A: I think that the Chinese government is committed in almost every way to economic development. Their view of capitalism and government is different than ours. The government officials that we have met with over the years view Starbucks with respect and as a primary sign and validation of economic development.

They view it as a brand and as a place that signifies almost a sense of arrival for their local province or their city. That has resulted in Starbucks being asked to participate in certain projects and being part of things we wouldn’t normally be invited to take part in.

With regard to the Great Wall of China, it is one of the most frequented places in the whole country — more than 400 million visitors from outside of China. We were asked to build a beautiful store there and we’re pleased and honored to do so.

Q: How do you adjust to accommodate the tastes of the Chinese marketplace?

A: Our stores there are a mirror image of what you see in Madison Park and Pike Place. We learned over the years, by doing business in Asia and specifically China, that the Chinese consumer is highly aware of Western brands and has a desire to buy Western products. But they don’t want it diluted. They want the authentic experience. The only minor modifications are some taste-profile changes on food and some size issues.

Q: What are some of the differences from doing business in America?

A: Eighty percent of all our business in America is to-go. More than 80 percent of all our business in China is people staying in the stores. The interesting thing is that, in many ways, Starbucks stores are as large or larger than their own homes. It has become a primary place for young people to date. I couldn’t walk into a Starbucks store in China and not see a business meeting going on.

And the hours of operation, in terms of when our stores are busiest, is not in the morning, when we’re busiest in America, but in the afternoon or at night.

Q: What’s the most popular drink in China?

A: I think it’s a Caffè Latte, but our Frappuccino business did well because of the hot summer.

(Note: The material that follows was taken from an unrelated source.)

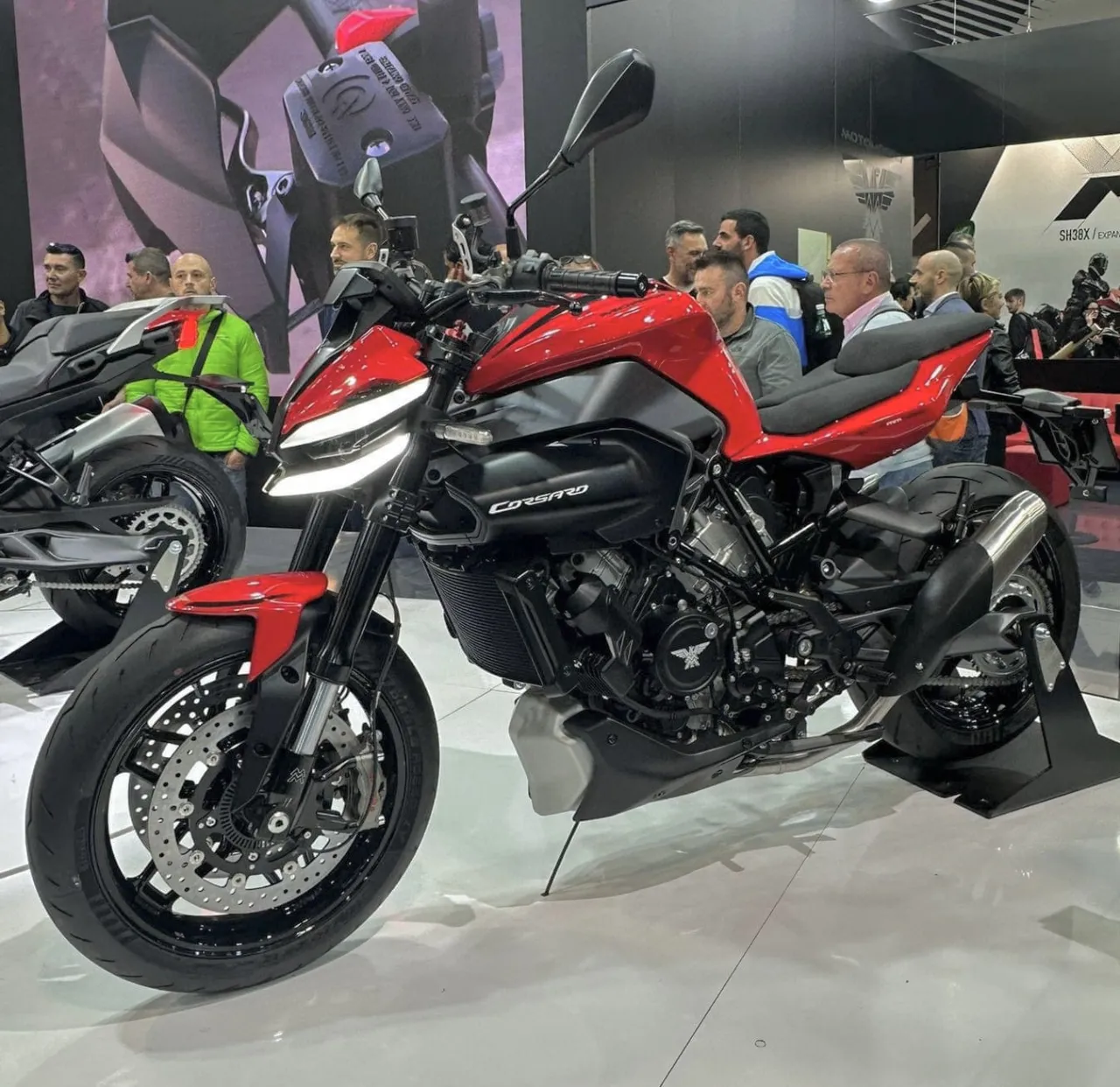 Moto Morini Corsaro 750 naked motor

Interestingly enough, the success we enjoyed this summer in America because of the Green Tea Frappuccino — that product was born in Taiwan. It is the first product that Starbucks America did not create.

Q: How do you handle distribution issues as you expand in China?

A: We have hired people who have that knowledge and experience throughout China and we have brought our own resources to the table. But again, we’re talking about the need to build these kinds of competencies in the company that we have not had before.

One of the things you’ll learn about this kind of growth and development is, metaphorically, if you’re going to build a 100-story skyscraper, you can’t build the foundation while you’re building the building. And so the last two years has been about building the foundation.

The unit economics of doing business in China at a store level are very positive, but we have to build a very large base of support so we are in position to build a very large company there.

Q: Can you outline some of the challenges that you face in terms of distribution?

A: The challenges include distances, the traffic alone and the storage issues. And in many ways, the discipline of supply-chain operations for a company like ours.

Not many companies have done business in China that could give us that insight or understanding, so we are cracking the code in many ways for the first time.

Q: Why did Starbucks start an education fund in China?

A: Very few companies our size, at this stage in their development, would create a fund like this.

We did it because we want to demonstrate a level of sensitivity and respect for doing business in China.

We learned through our own research that children in rural China, especially young girls, do not have access to education.

And since we have our sights set on building a very large footprint of stores throughout the country — thousands of stores which will include rural China — we thought that we should demonstrate our commitment to giving back before we even open stores at the level that we have planned.

Q: Final thoughts?

A: I can’t imagine a more dynamic, larger opportunity than China — if done well. But there is no shortcut to success. You have to be willing to invest ahead of the curve and to be very respectful of the differences of doing business there and the sensitivity that one needs to have to be respectful of that.